UWFFA was capable of capturing 24% more “neovascularization elsewhere (NVE)” findings and 37% more nonperfused areas than the fundus images, suggesting that it is a preferred modality for assessment of PDR. The results also showed that such lesions are distributed asymmetrically throughout the retina and are not restricted to the posterior pole.
“The finding in our study that CNP areas are more in the nasal hemisphere and the number of NVEs are more in the temporal hemisphere could mean that vascular endothelial growth factor produced somewhere else in the fundus can lead to neovascularization at some other site,” the authors explained in their study.
The majority of eyes (60%) showed multiple NVEs, which might indicate that neovascularization starts simultaneously at different locations in an ischemic retina. There was a nasotemporal asymmetry in the distribution, the researchers notes, as 55% of lesions were located in the temporal and 45% in the nasal hemisphere.
“The possible hypothesis for this could be because of differential vitreous degeneration and retinal thickness in the temporal and nasal hemispheres,” the authors speculated. “The distribution of NVE in the superior and inferior hemispheres was 53% and 47%, respectively,” which was similar to other reports, citing a study that found 54% of lesions in the superior hemisphere and 46% in the inferior hemisphere.
A higher prevalence of disc neovascularization was reported compared to previous studies, possibly because these patients presented for routine clinical care and may be more likely to have an advanced stage of PDR, the authors noted. “It is our contention that the difference in RNFL thickness and vessel caliber in different quadrants of the retina and differential blood flow makes some vessels more prone to development of NVE,” they added.

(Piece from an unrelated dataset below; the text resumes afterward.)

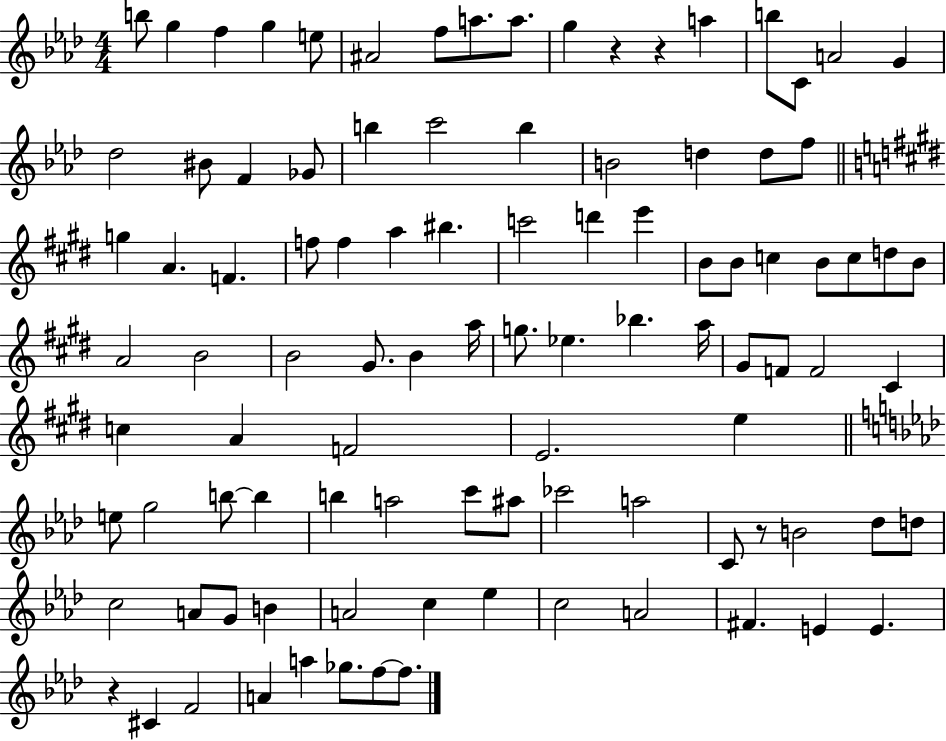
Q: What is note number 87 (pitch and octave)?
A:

The team concluded that topographic distribution of NVE reveals the preferential sites of new vessel formation. “This is important in early detection of neovascularization and its early treatment, particularly in the very early stages of PDR,” the authors surmised.
Nidhi V, Verma S, Shaikh N, et al. Topographic distribution of retinal neovascularization in proliferative diabetic retinopathy using ultra-wide field angiography. August 1, 2023. [Epub ahead of print.]